HEUREUX CEUX QUI MEURENT AU SEIGNEUR ; ILS SE REPOSENT DE LEURS TRAVAUX, ET LEURS ŒUVRES LES SUIVENT.


« Cela veut dire, mon enfant….. — Mais où est-ce qu’on les porte ? dis-je en l’interrompant. — On les porte dans la terre. — Pourquoi, grand-père ? Leur fait-on du mal ? — Non, mon enfant, les morts ne sentent plus rien dans ce monde-ci. »

Nous dépassâmes le portail, et je ne fis plus de questions. De temps en temps je retournais la tête du côté de la pierre blanche, rattachant à cet objet toutes sortes d’idées sinistres sur les morts, sur les sépulcres, et sur les hommes en manteau noir que j’avais souvent rencontrés dans les rues portant des bières couvertes d’un linceul.

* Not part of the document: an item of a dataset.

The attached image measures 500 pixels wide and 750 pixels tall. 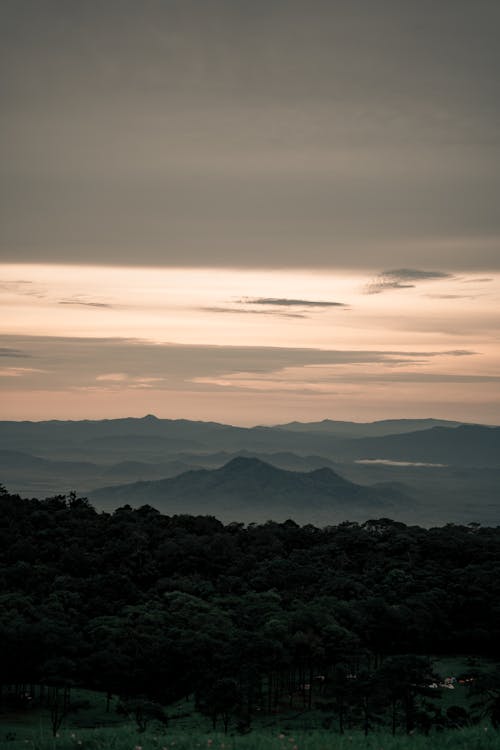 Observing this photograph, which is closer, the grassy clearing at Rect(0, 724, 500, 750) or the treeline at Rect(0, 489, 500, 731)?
the grassy clearing at Rect(0, 724, 500, 750)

Mais le soleil brillait, et je tenais la main de mon aïeul ; ces impressions s’affaiblirent devant d’autres, et quand nous eûmes atteint les bords du Rhône, la vue de l’eau, et surtout celle d’un homme qui pêchait, attirèrent toute mon attention.

Les eaux étant basses, cet homme, chaussé de grandes bottes en cuir, s’était avancé au milieu du courant. — Voyez, grand-père, il est dans l’eau ! — C’est un homme qui prend du poisson ; attendons un moment, tu le verras bouger dès qu’il sentira quelque chose au bout du fil.